My problem is that the swift-certificates during the Certificate initialisation needs a SecureEnclave.P256.Signing.PrivateKey private key and to add a key to the keychain we need a SecKey object. And unfortunately there is no clean way to create from one of them the other one. I read several threads here about this, but I haven't found a clean solution for it.

I tried to approach the problem from two directions:

First:

Create the key with the SecKeyCreateRandomKey, mark in the attributes that I want to protect the key with secure enclave and also mark that I want the private key to be kSecAttrIsPermanent so it is automatically saved in the keychain
The SecKeyCreateRandomKey returns a SecKey which is a reference to the private key from the keychain
(!) Unfortunately I haven't found a clean way to convert a SecKey to a -> SecureEnclave.P256.Signing.PrivateKey
There is a workaround to SecKeyCopyAttributes of the private key and to extract the bytes from the attributes["toid"], but I guess it's not safe to use an undocumented key ("toid") if there is no constant defined to it (the name could be changed in future releases)

Second approach:

Create a SecureEnclave.P256.Signing.PrivateKey
Create the Certificate using the swift-certificates
The created private key is protected by the secure enclave but it's not added automatically to the keychain so we should add it to can query after that the SecIdentity
(!) Unfortunately I haven't found a way to convert the SecureEnclave.P256.Signing.PrivateKey to -> SecKey.
There are threads which say that the SecKeyCreateWithData(...) helps us, but unfortunately if we set the kSecAttrTokenIDSecureEnclave in the attribute dictionary, the method creates a brand new key for us, regardless the passed data. So the initial key will never be the same as the newly created SecKey.

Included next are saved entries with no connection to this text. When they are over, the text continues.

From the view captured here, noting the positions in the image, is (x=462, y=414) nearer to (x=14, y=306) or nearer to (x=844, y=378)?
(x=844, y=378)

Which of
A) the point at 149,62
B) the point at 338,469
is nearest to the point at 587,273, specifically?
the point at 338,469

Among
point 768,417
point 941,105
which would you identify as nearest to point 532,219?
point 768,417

This we can see in the method's implementation.

So I got stuck with both approaches because seemingly there is no clean way to switch between SecureEnclave.P256.Signing.PrivateKey and SecKey.

One solution would be to compose manually the certificate, without swift-certificates because like that we would not need a SecureEnclave.P256.Signing.PrivateKey object. But I would like to avoid the manual composition and signature calculation...

Anybody has any idea?

Boost

Answer 1

DTS Engineer OP

Apple

Jan ’24

the initial key will never be the same as the newly created SecKey.

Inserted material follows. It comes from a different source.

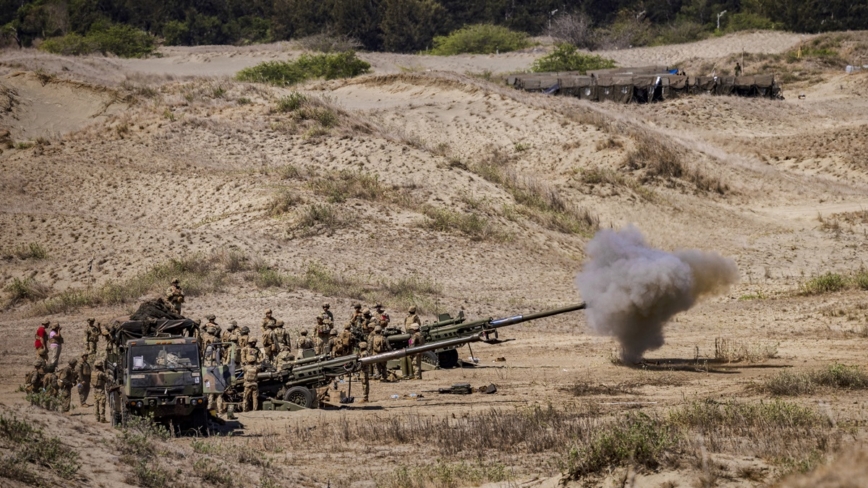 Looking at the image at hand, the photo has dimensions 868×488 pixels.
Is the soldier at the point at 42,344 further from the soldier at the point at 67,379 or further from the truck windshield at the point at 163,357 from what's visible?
the truck windshield at the point at 163,357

Indeed. I just tried this here in my office. This code prints true:

let priv = P256.Signing.PrivateKey()
let privData = priv.x963Representation
let privRef = try secCall { SecKeyCreateWithData(privData as NSData, [
    kSecAttrKeyType: kSecAttrKeyTypeECSECPrimeRandom,
    kSecAttrKeyClass: kSecAttrKeyClassPrivate,
    kSecAttrKeySizeInBits: 256,
] as NSDictionary, $0) }

let pubRef = try secCall { SecKeyCopyPublicKey(privRef) }

let pubData = priv.publicKey.x963Representation
let pubRefData = try secCall { SecKeyCopyExternalRepresentation(pubRef, $0) } as Data

print(pubData == pubRefData)

but if you switch it over to an SE-protected key it prints false:

func testSE() throws {
    let priv = try SecureEnclave.P256.Signing.PrivateKey()
    let privData = priv.dataRepresentation
    let privRef = try secCall { SecKeyCreateWithData(privData as NSData, [
        kSecAttrKeyType: kSecAttrKeyTypeECSECPrimeRandom,
        kSecAttrKeyClass: kSecAttrKeyClassPrivate,
        kSecAttrKeySizeInBits: 256,
        kSecAttrTokenID: kSecAttrTokenIDSecureEnclave,
    ] as NSDictionary, $0) }

    let pubRef = try secCall { SecKeyCopyPublicKey(privRef) }
    
    let pubData = priv.publicKey.x963Representation
    let pubRefData = try secCall { SecKeyCopyExternalRepresentation(pubRef, $0) } as Data
    
    print(pubData == pubRefData)
}

Bummer.

A different developer pointed this out in another thread but I missed it )-:

Double bummer.

I encourage you to file an enhancement request for an API to make this work. Please post your bug number, just for the record.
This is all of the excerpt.